In my attempt to reenable ui_base_unittests L10nUtilTest.GetString, I innocently named the test resources label as ui_base_test_resources. Imagine to my surprise that once I started integrating against Android that repackaging the resources with android_assets suddenly requested ui_base_test_resources__build_config. Even more surprising is that components_browsertests_assets's components_tests_pak had no such dependency.

Turns out, Android build rules are sensitive to the build label name. If your label name matches in _java_target_whitelist (like a label that ends with _resource), then you'll get this mysterious dependency that you never wanted. This is now .
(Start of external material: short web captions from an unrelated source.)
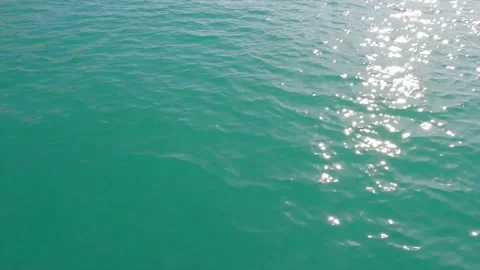 Shiny sun glare reflection on deep blue sea water surface n cyan ocean wave Stock Footage 148089776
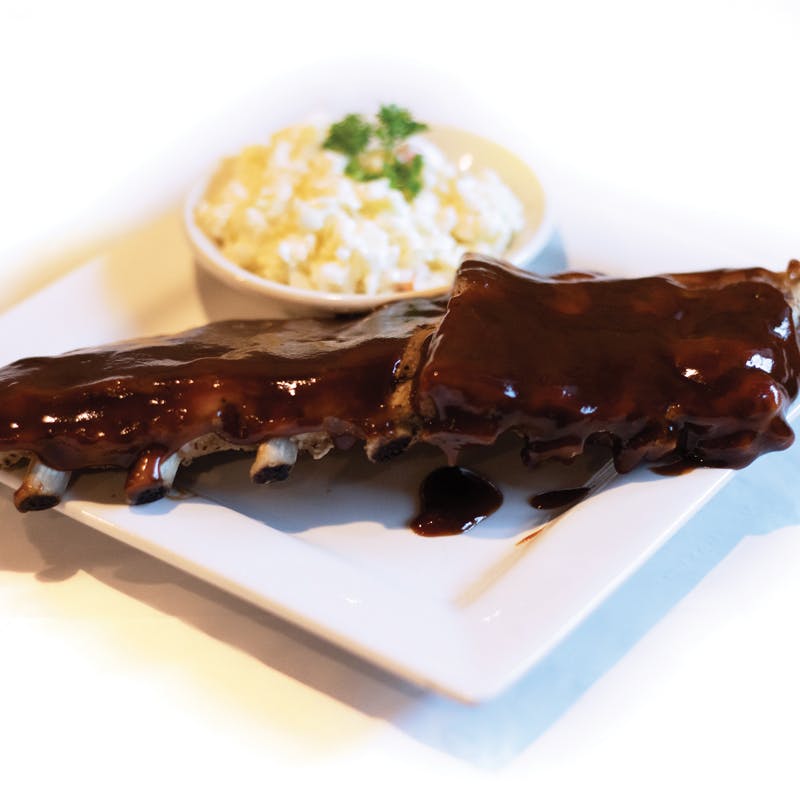 Order BBQ Ribs - Half Rack food online from Angelos Restaurant & Pizza store, Spring Valley on bringmethat.com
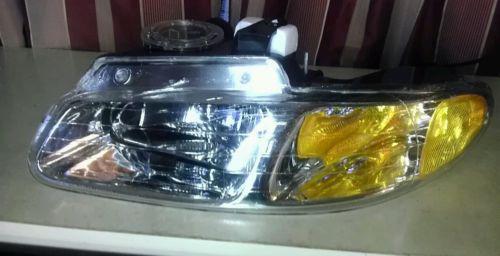 New driver side left headlight oem 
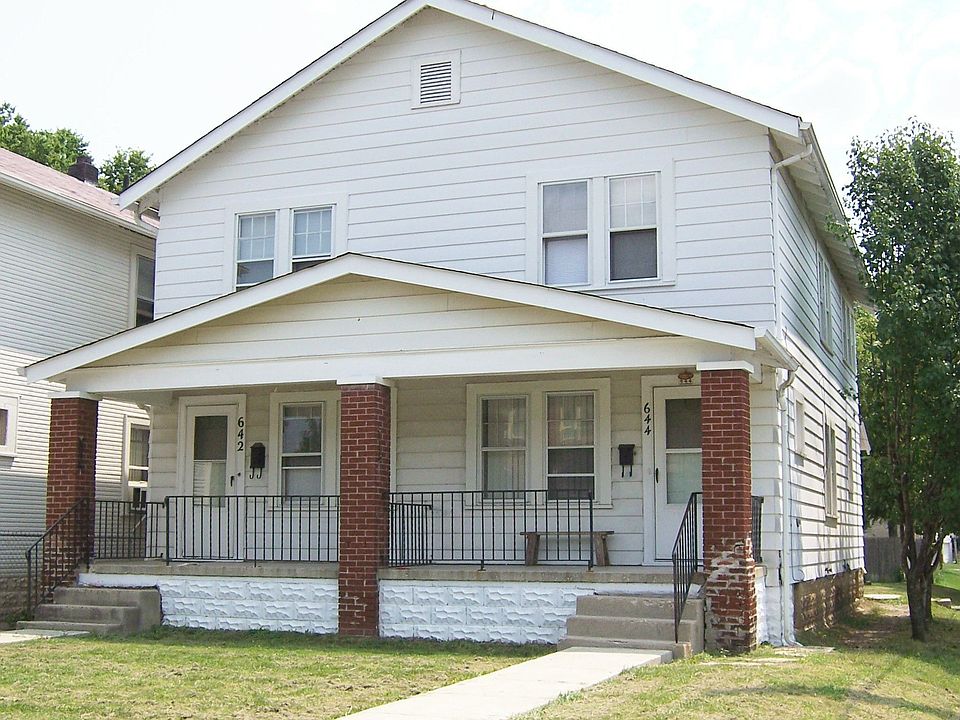 Front view, siding, new roof and sidewalks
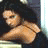Pixelated image of a person with dark hair and light skin, wearing a brown strap across the chest, positioned next to green text reading 'OriginalIcons.com' on a dark background.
As far as I can tell, none of this is documented in Chromium's Android build_config documents. The takeaway here is that when structuring your build system, doing special things based off of a build label identifiers name is likely to cause surprises in the future. A better way forward would be to provide a way to opt-into the magic instead of reusing mechanisms that should be passthrough.


In The Key Of... by Allen Bauer

While re-enabling interactive_ui_tests' FindInPageTest.SelectionRestoreOnTabSwitch and related I discovered that the reason for failures is the manner in which Chrome interacts with injected keyboard events on Windows. The test code itself is reasonable. It is the keyboard event injection code using the Windows API, SendInput, that seems to be behaving oddly with Chrome.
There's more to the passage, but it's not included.